*** Opening RECORDS SHOWN ***

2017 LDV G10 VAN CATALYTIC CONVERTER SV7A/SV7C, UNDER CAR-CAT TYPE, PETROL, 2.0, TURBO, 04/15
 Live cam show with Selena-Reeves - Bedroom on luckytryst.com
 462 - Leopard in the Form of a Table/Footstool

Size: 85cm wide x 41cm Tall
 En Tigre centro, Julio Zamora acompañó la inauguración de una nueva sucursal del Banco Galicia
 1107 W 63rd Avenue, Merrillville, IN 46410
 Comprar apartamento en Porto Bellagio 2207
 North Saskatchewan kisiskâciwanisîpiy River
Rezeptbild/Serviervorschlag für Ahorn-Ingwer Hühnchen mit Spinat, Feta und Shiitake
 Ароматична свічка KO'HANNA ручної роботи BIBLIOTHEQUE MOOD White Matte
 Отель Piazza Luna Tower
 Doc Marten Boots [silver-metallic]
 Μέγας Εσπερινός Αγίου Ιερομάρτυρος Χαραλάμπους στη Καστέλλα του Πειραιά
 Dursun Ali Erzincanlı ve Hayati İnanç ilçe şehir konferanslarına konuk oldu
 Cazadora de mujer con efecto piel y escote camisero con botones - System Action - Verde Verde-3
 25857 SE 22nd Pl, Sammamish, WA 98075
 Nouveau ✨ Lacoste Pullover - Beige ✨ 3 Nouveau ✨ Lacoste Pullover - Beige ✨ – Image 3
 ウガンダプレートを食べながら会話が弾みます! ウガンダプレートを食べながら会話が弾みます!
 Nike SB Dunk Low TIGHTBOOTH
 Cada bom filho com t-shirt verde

*** Closing RECORDS SHOWN ***

*TASK PROMPT:* Everything from the line containing "Nouveau ✨ Lacoste Pullover - Beige ✨ 3" to the end of the listing above must be returned exactly. Both end lines belong in it.

*YOUR SOLUTION:*
 Nouveau ✨ Lacoste Pullover - Beige ✨ 3 Nouveau ✨ Lacoste Pullover - Beige ✨ – Image 3
 ウガンダプレートを食べながら会話が弾みます! ウガンダプレートを食べながら会話が弾みます!
 Nike SB Dunk Low TIGHTBOOTH
 Cada bom filho com t-shirt verde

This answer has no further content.